I don't know how to tell you this, but....

[–] [email protected] 1 points 4 months ago

There is no unsafer place than isolated network. AV and xdr is not optional in industry/healthcare etc.

[–] [email protected] 2 points 4 months ago* (last edited 4 months ago)

There are a lot of heavy manufacturing tools that are controlled and have their interface handled by Windows under the hood.

They're not all networked, and some are super old, but a more modernized facility could easily be using a more modern version of Windows and be networked to have flow of materials, etc more tightly integrated into their systems.

The higher precision your operation, the more useful having much more advanced logs, networked to a central system, becomes in tracking quality control.

Imagine if after the fact, you could track a set of .1% of batches that are failing more often and look at the per second logs of temperature they were at during the process, and see that there's 1° temperature variance between the 30th to 40th minute that wasn't experienced by the rest of your batches. (Obviously that's nonsense because I don't know anything about the actual process of steel manufacturing. But I do know that there's a lot of industrial manufacturing tooling that's an application on top of windows, and the higher precision your output needs to be, the more useful it is to have high quality data every step of the way.)

[–] [email protected] 16 points 4 months ago (1 children)

Testing is production will do that

[–] [email protected] 10 points 4 months ago (1 children)

Not everyone is fortunate enough to have a seperate testing environment, you know? Manglement has to cut cost somewhere.

[–] [email protected] 9 points 4 months ago

Manglement is the good term lmao

[–] [email protected] -1 points 4 months ago (2 children)

Don't we blame MS at least as much?

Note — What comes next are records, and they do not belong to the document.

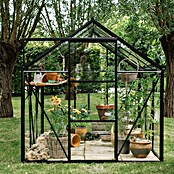 Kas Kate III Full Option pakket (Buitenmaat incl. dakoverstek (b x d): 192 x 314 cm, Materiaal zijwand: Glas, 3 mm, Zwart) | BAUHAUS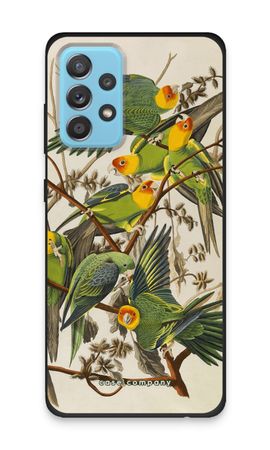 Carolina Parrot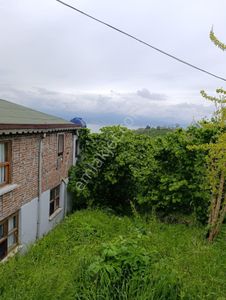 Fatsa Yalıköy Satılık Arazi Ful Deniz Manzaralı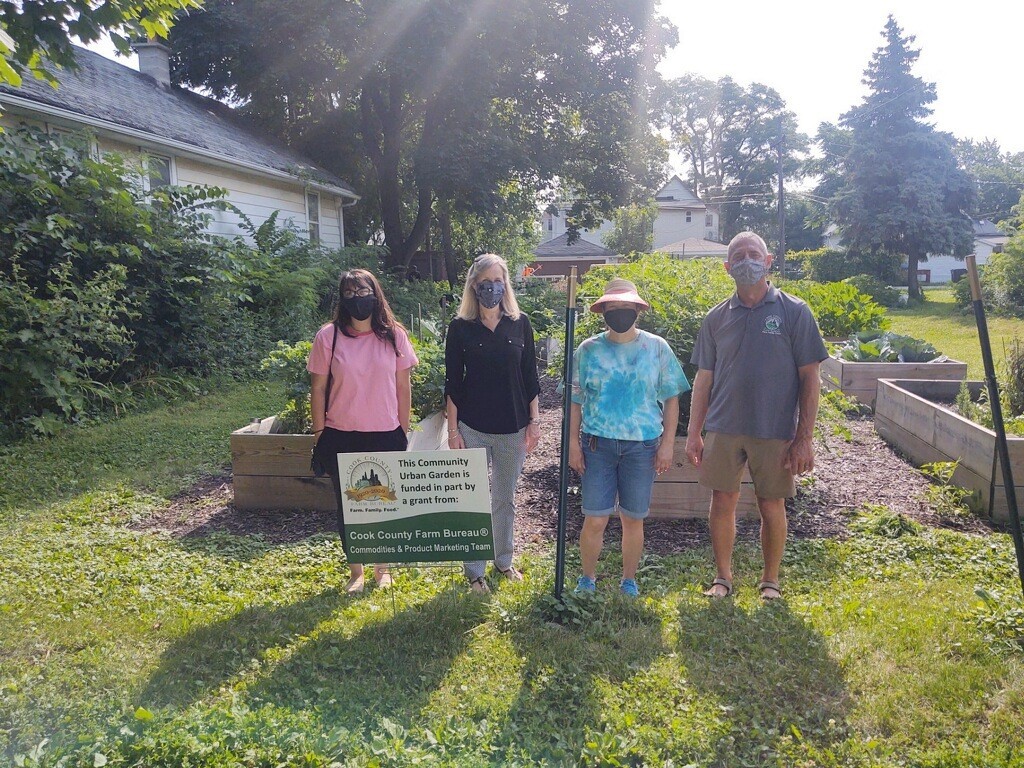 dan 3 volunteers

How does MS let an update like this push through their Windows Update system? How does an application update make the whole OS unable to boot? Blue screens on Windows have been around for decades, why don't we have a better recovery system?

[–] [email protected] 11 points 4 months ago

Crowdstrike runs at ring 0, effectively as part of the kernel. Like a device driver. There are no safeguards at that level. Extreme testing and diligence is required, because these are the consequences for getting it wrong. This is entirely on crowdstrike.

[–] [email protected] 3 points 4 months ago* (last edited 4 months ago)

This didn't go through Windows Update. It went through the ctowdstrike software directly.

[–] [email protected] -1 points 4 months ago (2 children)

What lawsuits do you think are going to happen?

[–] [email protected] 5 points 4 months ago (1 children)

They can have all the clauses they like but pulling something like this off requires a certain amount of gross negligence that they can almost certainly be held liable for.

[–] [email protected] -1 points 4 months ago (1 children)

Whatever you say my man. It's not like they go through very specific SLA conversations and negotiations to cover this or anything like that.

[–] [email protected] 1 points 4 months ago (1 children)

I forgot that only people you have agreements with can sue you. This is why Boeing hasn't been sued once recently for their own criminal negligence.

[–] [email protected] -2 points 4 months ago (1 children)

👌👍

[–] [email protected] 1 points 4 months ago

😔💦🦅🥰🥳

[–] [email protected] 1 points 4 months ago (1 children)

Forget lawsuits, they're going to be in front of congress for this one

[–] [email protected] -2 points 4 months ago

For what? At best it would be a hearing on the challenges of national security with industry.